◆ Work item ◆
What you return must match the entries exactly, except that the pictures are gone.

◆ Source data ◆
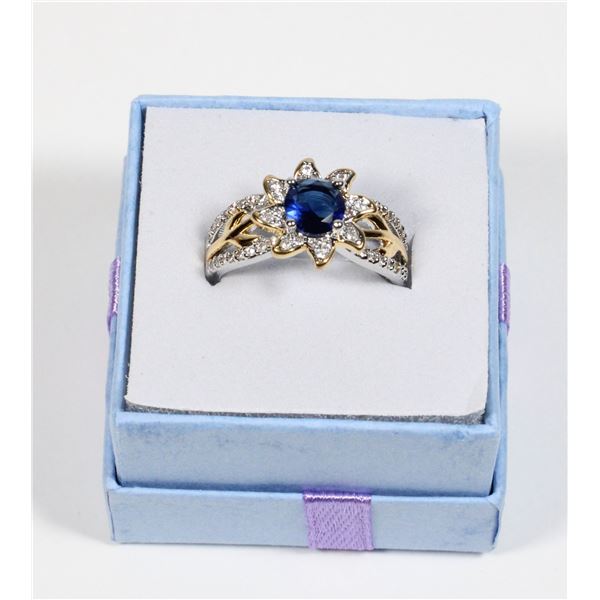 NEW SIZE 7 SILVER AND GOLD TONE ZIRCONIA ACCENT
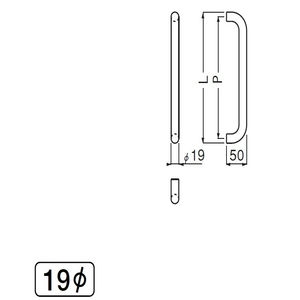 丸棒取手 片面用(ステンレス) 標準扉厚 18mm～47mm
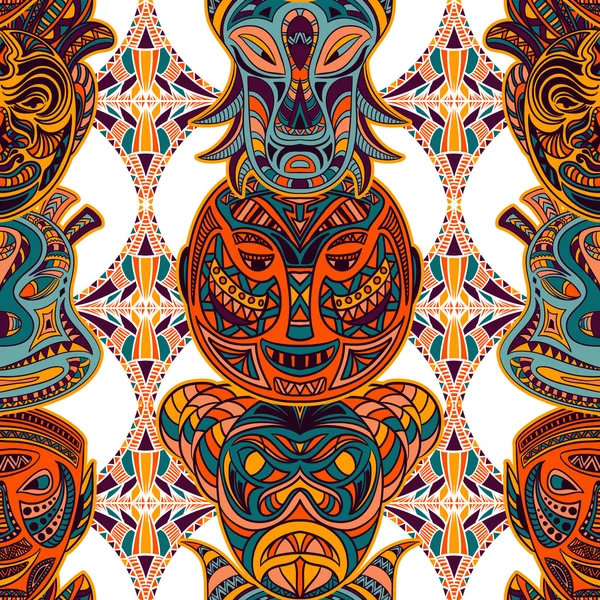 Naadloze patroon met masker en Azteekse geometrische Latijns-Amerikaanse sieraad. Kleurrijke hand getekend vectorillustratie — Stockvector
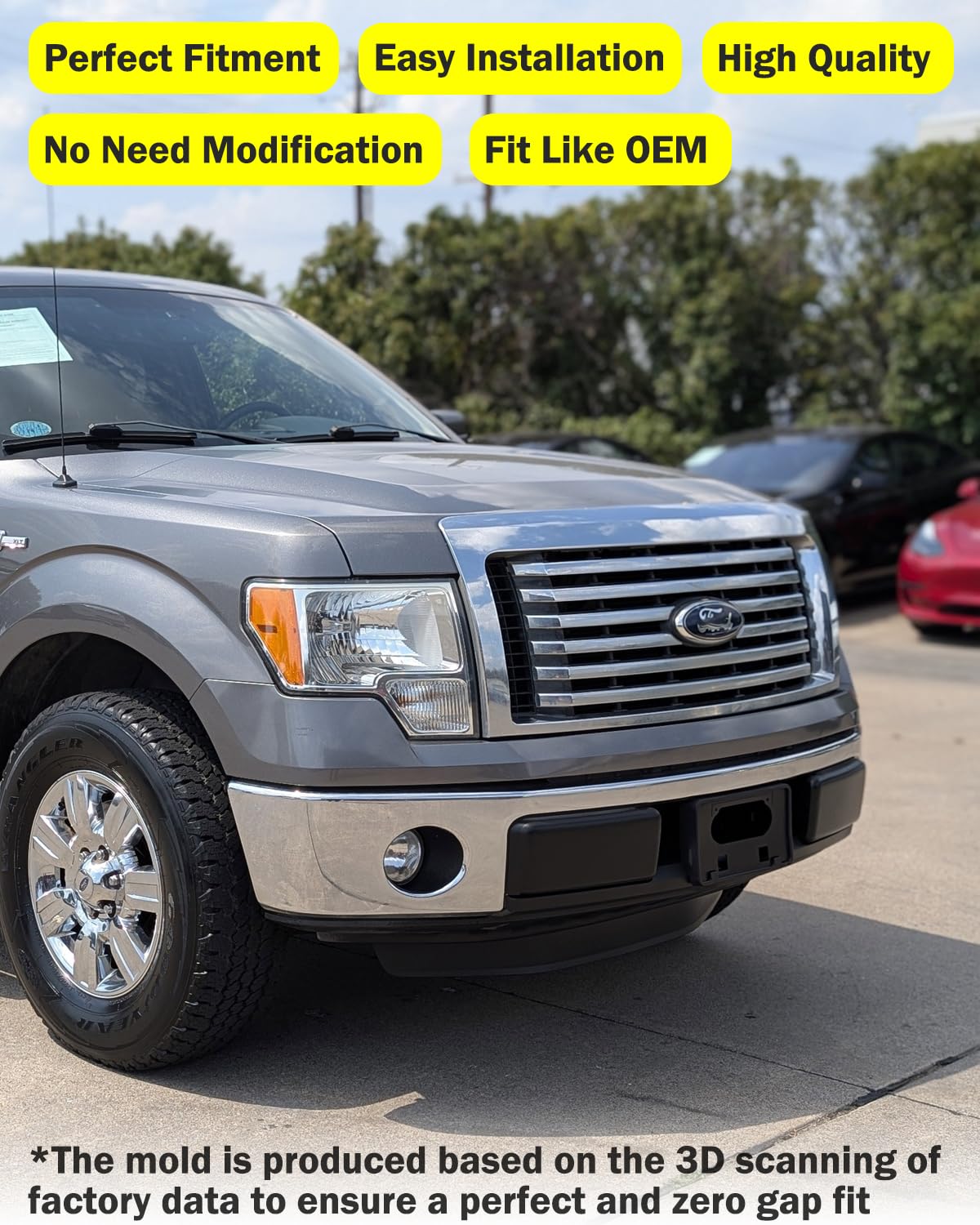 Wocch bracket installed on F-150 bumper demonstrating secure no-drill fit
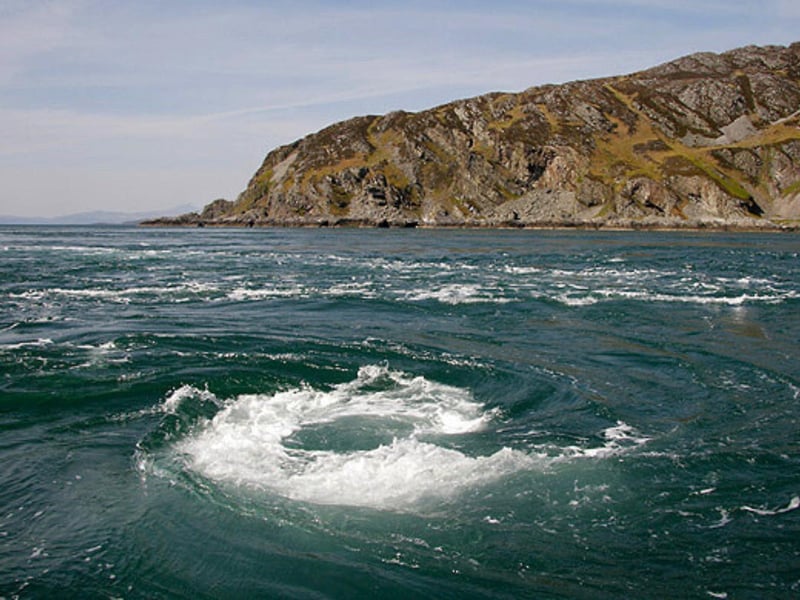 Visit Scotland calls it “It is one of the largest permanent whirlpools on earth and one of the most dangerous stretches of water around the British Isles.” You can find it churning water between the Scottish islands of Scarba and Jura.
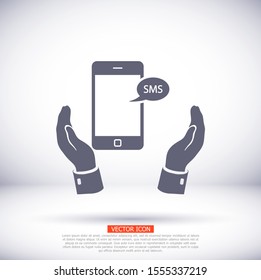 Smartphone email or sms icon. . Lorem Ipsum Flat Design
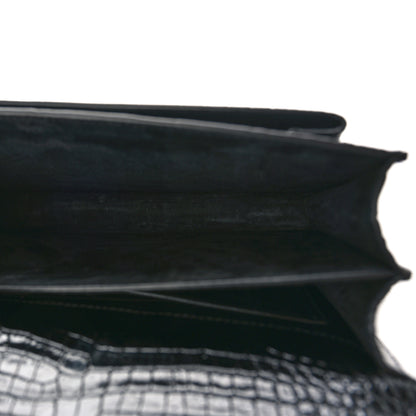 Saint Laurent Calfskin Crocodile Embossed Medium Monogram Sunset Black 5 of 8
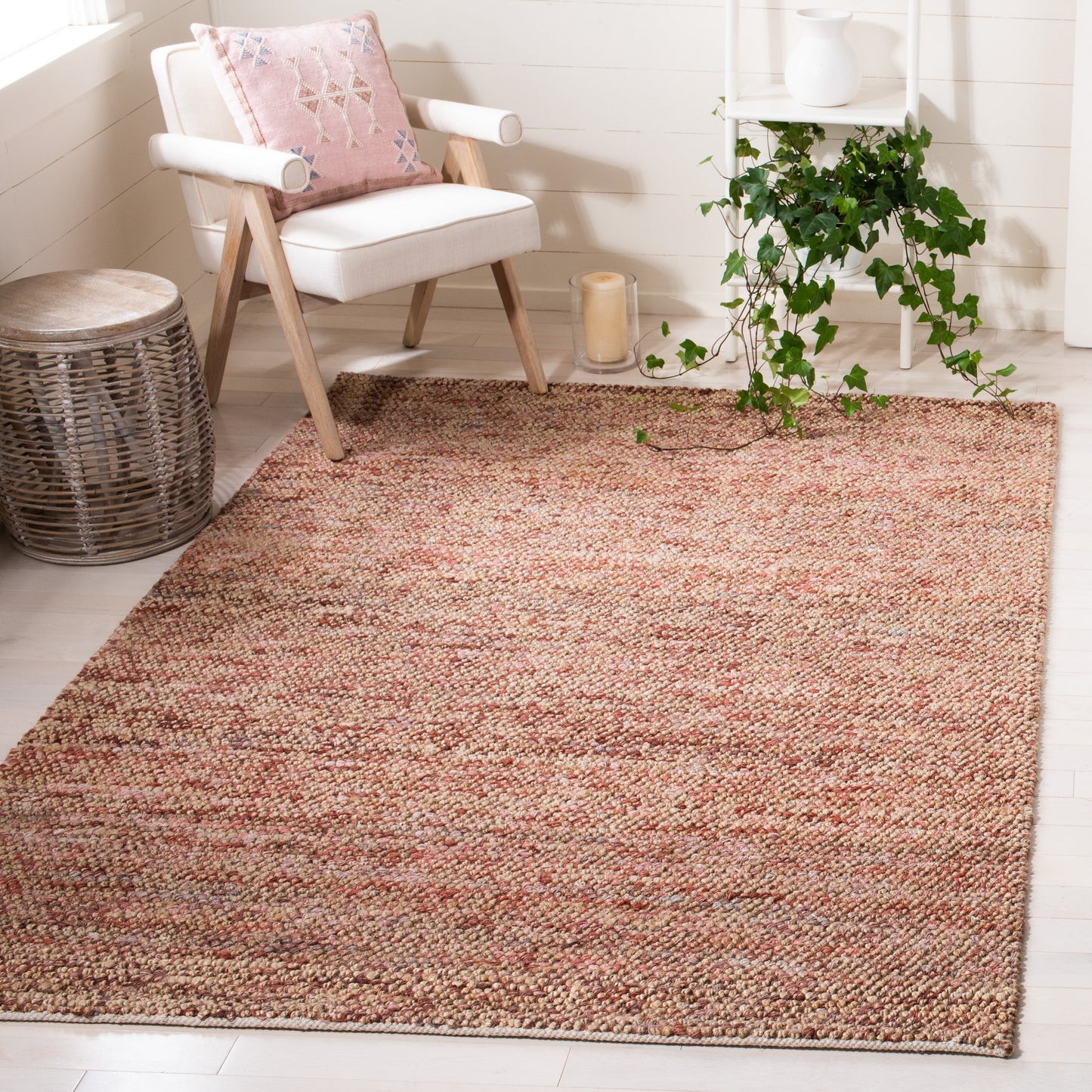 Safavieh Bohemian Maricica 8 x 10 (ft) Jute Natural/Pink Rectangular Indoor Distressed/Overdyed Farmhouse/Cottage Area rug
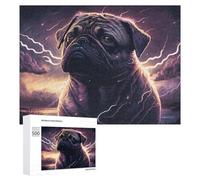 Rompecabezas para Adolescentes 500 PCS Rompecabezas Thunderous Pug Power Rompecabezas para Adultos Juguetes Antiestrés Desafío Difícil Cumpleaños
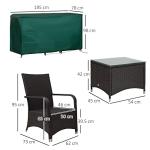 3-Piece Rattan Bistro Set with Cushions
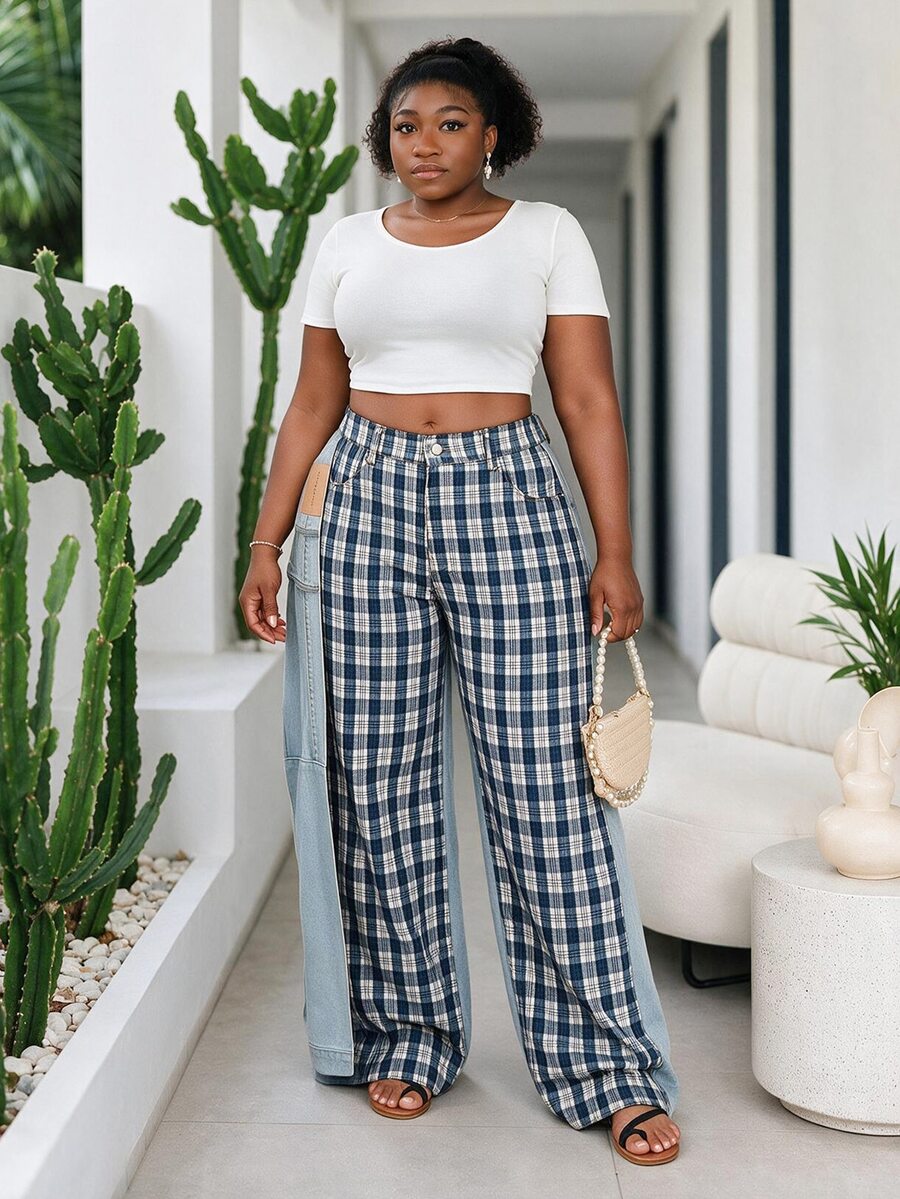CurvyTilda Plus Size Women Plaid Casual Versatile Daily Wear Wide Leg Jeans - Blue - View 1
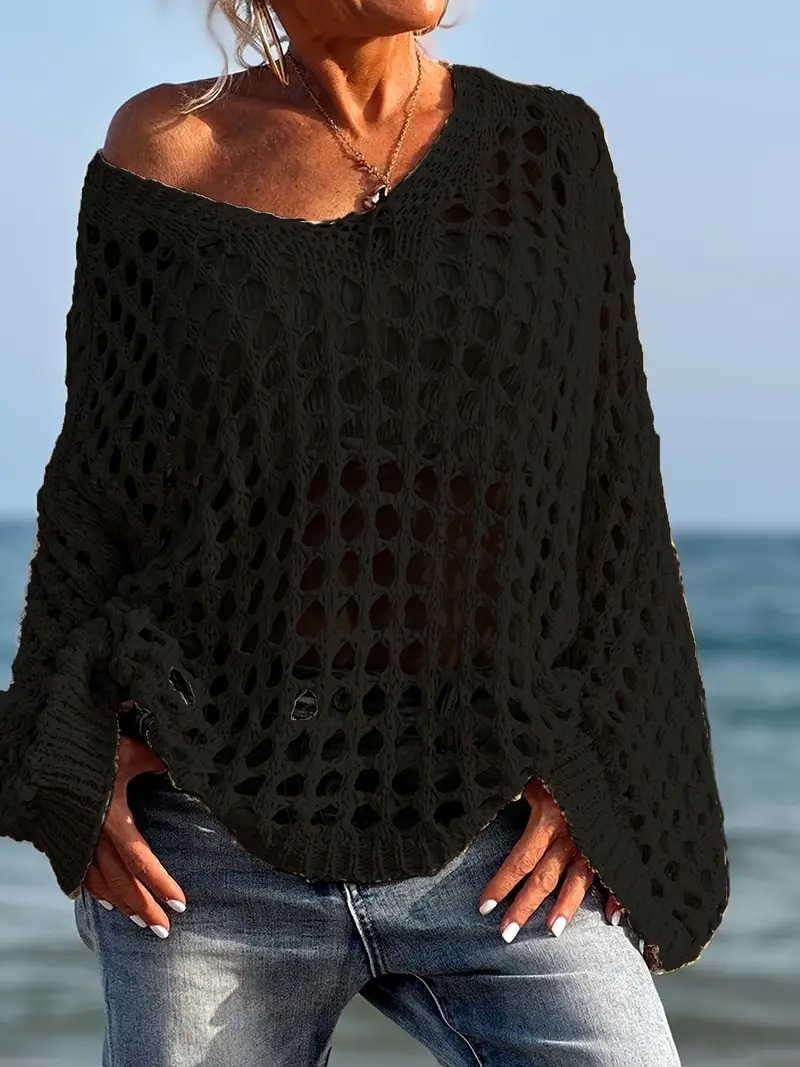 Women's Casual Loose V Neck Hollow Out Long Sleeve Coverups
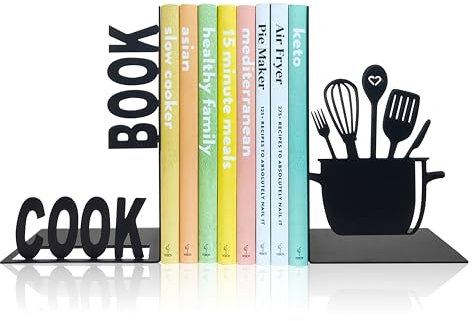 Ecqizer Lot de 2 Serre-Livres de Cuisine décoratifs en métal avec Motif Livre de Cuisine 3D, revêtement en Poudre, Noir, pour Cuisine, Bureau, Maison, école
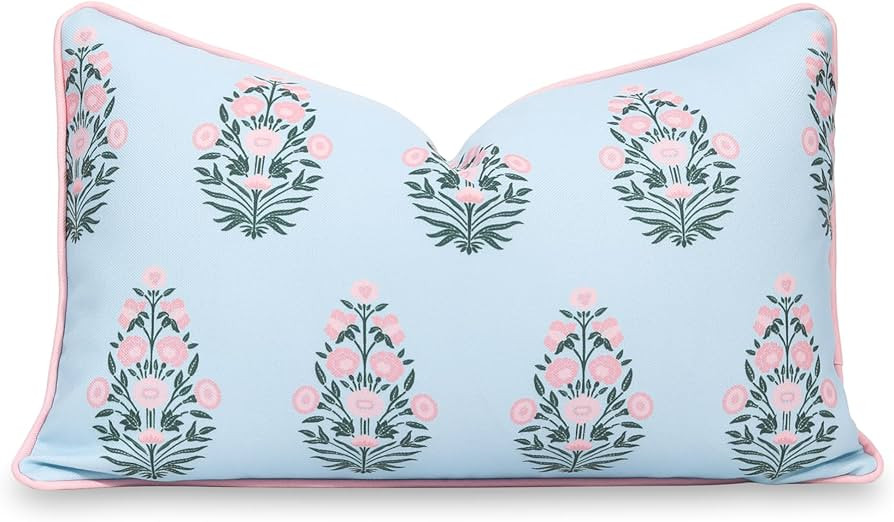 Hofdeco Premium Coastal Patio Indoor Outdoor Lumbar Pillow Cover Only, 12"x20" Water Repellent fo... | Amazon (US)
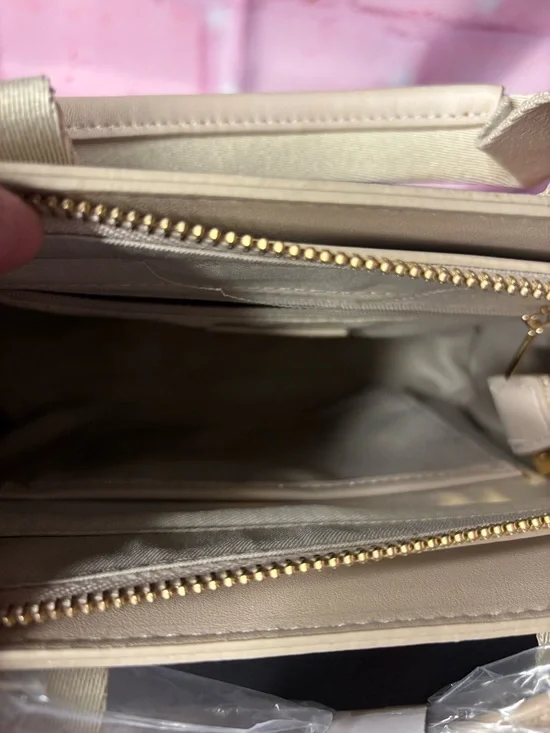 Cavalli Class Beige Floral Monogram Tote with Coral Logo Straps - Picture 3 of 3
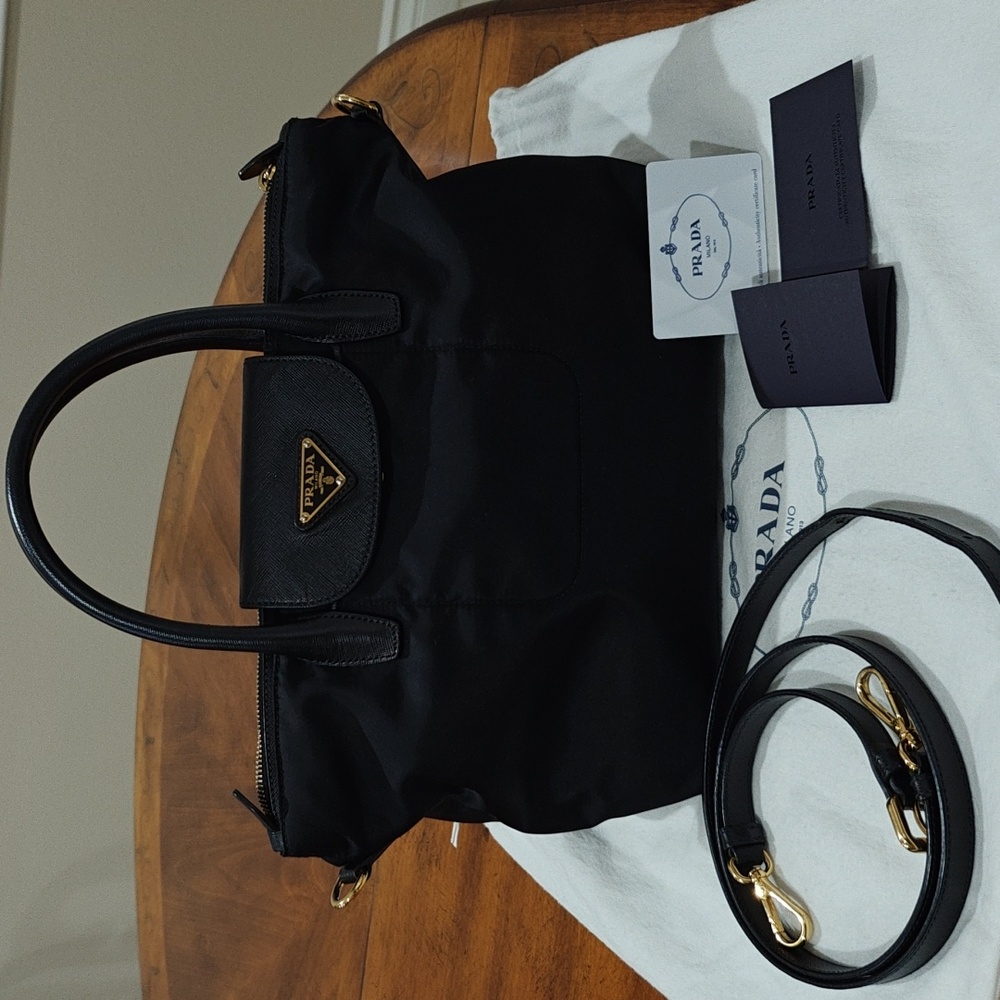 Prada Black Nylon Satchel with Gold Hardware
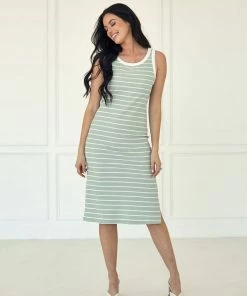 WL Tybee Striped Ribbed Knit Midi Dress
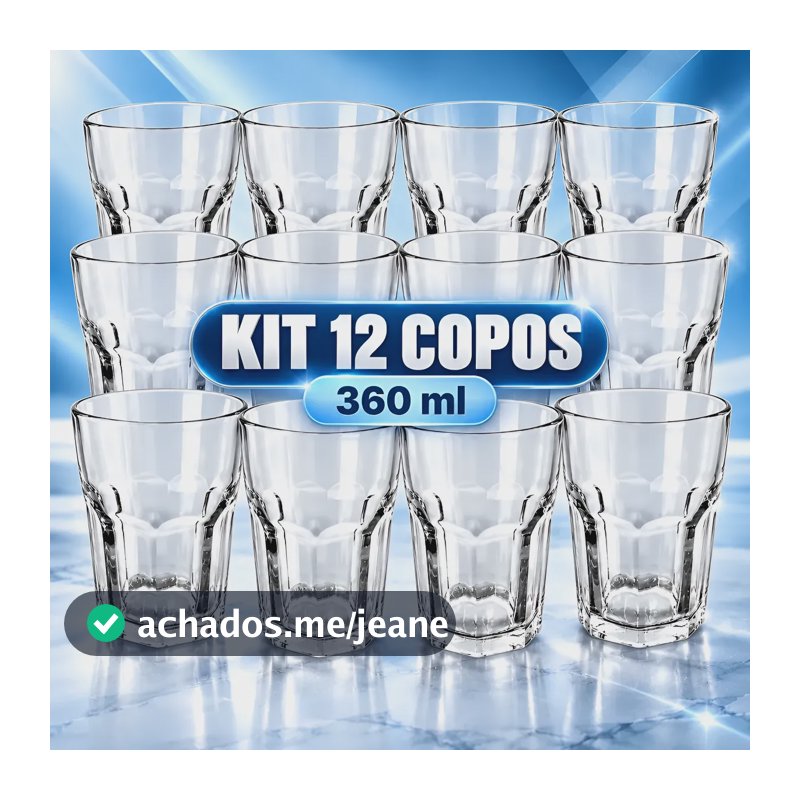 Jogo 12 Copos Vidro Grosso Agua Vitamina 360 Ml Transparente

◆ Solution ◆
 NEW SIZE 7 SILVER AND GOLD TONE ZIRCONIA ACCENT
 丸棒取手 片面用(ステンレス) 標準扉厚 18mm～47mm
 Naadloze patroon met masker en Azteekse geometrische Latijns-Amerikaanse sieraad. Kleurrijke hand getekend vectorillustratie — Stockvector
 Wocch bracket installed on F-150 bumper demonstrating secure no-drill fit
 Visit Scotland calls it “It is one of the largest permanent whirlpools on earth and one of the most dangerous stretches of water around the British Isles.” You can find it churning water between the Scottish islands of Scarba and Jura.
 Smartphone email or sms icon. . Lorem Ipsum Flat Design
 Saint Laurent Calfskin Crocodile Embossed Medium Monogram Sunset Black 5 of 8
 Safavieh Bohemian Maricica 8 x 10 (ft) Jute Natural/Pink Rectangular Indoor Distressed/Overdyed Farmhouse/Cottage Area rug
 Rompecabezas para Adolescentes 500 PCS Rompecabezas Thunderous Pug Power Rompecabezas para Adultos Juguetes Antiestrés Desafío Difícil Cumpleaños
 3-Piece Rattan Bistro Set with Cushions
CurvyTilda Plus Size Women Plaid Casual Versatile Daily Wear Wide Leg Jeans - Blue - View 1
 Women's Casual Loose V Neck Hollow Out Long Sleeve Coverups
 Ecqizer Lot de 2 Serre-Livres de Cuisine décoratifs en métal avec Motif Livre de Cuisine 3D, revêtement en Poudre, Noir, pour Cuisine, Bureau, Maison, école
 Hofdeco Premium Coastal Patio Indoor Outdoor Lumbar Pillow Cover Only, 12"x20" Water Repellent fo... | Amazon (US)
 Cavalli Class Beige Floral Monogram Tote with Coral Logo Straps - Picture 3 of 3
 Prada Black Nylon Satchel with Gold Hardware
 WL Tybee Striped Ribbed Knit Midi Dress
 Jogo 12 Copos Vidro Grosso Agua Vitamina 360 Ml Transparente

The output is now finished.